Cached DRAM Binary CAM LogiCORE IP Product Guide (PG427)

Document ID
PG427
Release Date
2024-11-27
Version
1.2 English

Lookup Performance

High capacity CDBCAM systems consists of a high capacity DBCAM and a lower capacity BCAM Cache Subsystem (BCS). The DBCAM uses DRAM for storage and has a higher latency and has a generally lower lookup rate than the on-chip BCAM. The BCS provides lower latency and a high lookup rate on-chip cache BCAM. The resulting lookup rate of such a system is inversely proportional to the Cache Miss Rate (CMR), but it cannot go beyond the maximum lookup rate of the BCS, hence the resulting lookup rate can be expressed by the formula:

  • LR = CLR, for CLR*CMR < DLR.
    Note: To achieve this rate, the AXI4-Stream rate must be higher than LR.
  • LR = DLR/CMR, for CLR*CMR > DLR.

where:

  • LR is the resulting lookup rate;
  • CLR is the cache (BCS) lookup rate;
  • DLR is the DBCAM lookup rate;
  • CMR is the cache (BCS) miss rate. For example, for 1 in 10 lookups being a miss, the CMR would be 0.1.
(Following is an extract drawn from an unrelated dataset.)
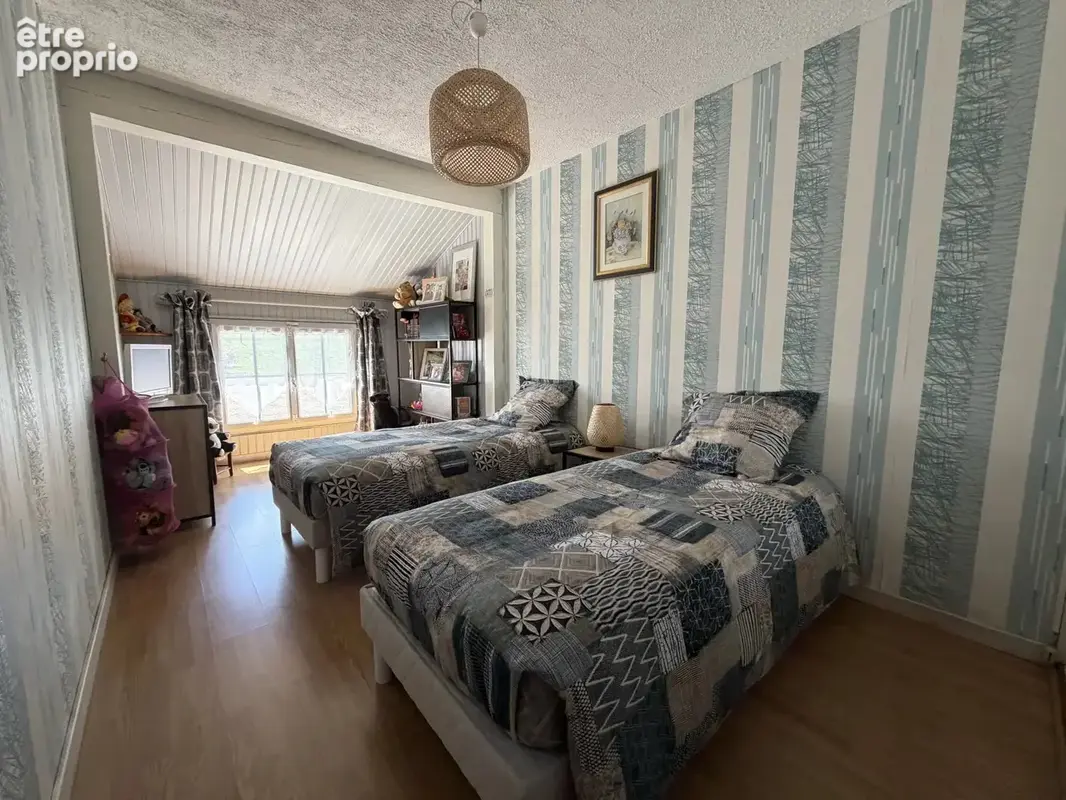 EXCLUSIVITÉ - Charbuy - Pavillon de plain-pied avec grand terrain - photo 6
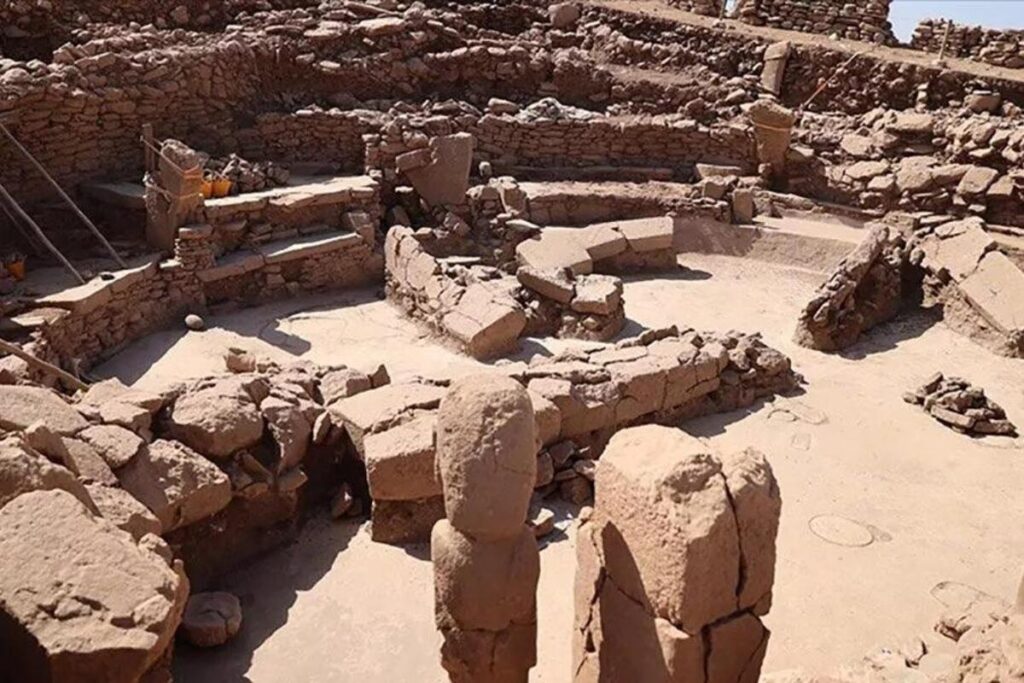 Неолитический «амфитеатр» Карахантепе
The expected performance is the function of three variables, where one of them is lookup flow content dependent. To visualize the expected performance, the graph below illustrates a typical case with the following characteristics as a function of the cache (BCS) miss rate:

  • CLR = 300 M lookups/s
  • DLR = 115 M lookups/s
Figure 1. Achievable Lookup Throughput Performance Generated by Your Tool

DBCAM (CDBCAM without cache) Lookup Throughput Performance

Because the resulting lookup performance depends on DBCAM lookup performance, below are some examples of achievable DBCAM performance for 50% table fill level.
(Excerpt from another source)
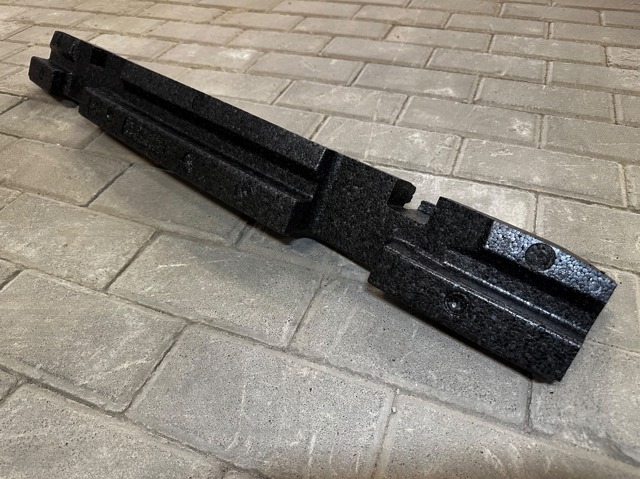 Энергопоглотитель заднего бампера 7P6807256C VAG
Table 1. DBCAM Lookup Throughput Performance and Latency
DRAM Type DBCAM Entry Size 1 [B] Mean DLR [Mlookups/s] Mean Lookup Latency [μs]
DDR4 64 115 0.73
DDR4 128 78 0.91
HBM 64 109 0.98
HBM 128 83 1.2
  1. For DBCAM, the entry size is calculated as follows:
    • (KEY_WIDTH + RESPONSE_WIDTH) < 496b: 64B
    • ((KEY_WIDTH + RESPONSE_WIDTH) >= 496b: 128B
  2. The DDR4 results reflect DDR4-3200AC component clocking at 3200 MHz. Performance will vary with RDIMM part.
  3. The HBM results reflect HBM clocking at 2400 MHz. Higher rates are possible at 3200 MHz clock frequency.
  4. Higher lookup rates can be achieved when using more than one HBM pseudo-channel. Lookup performance is capped at around half of the mem_clk frequency.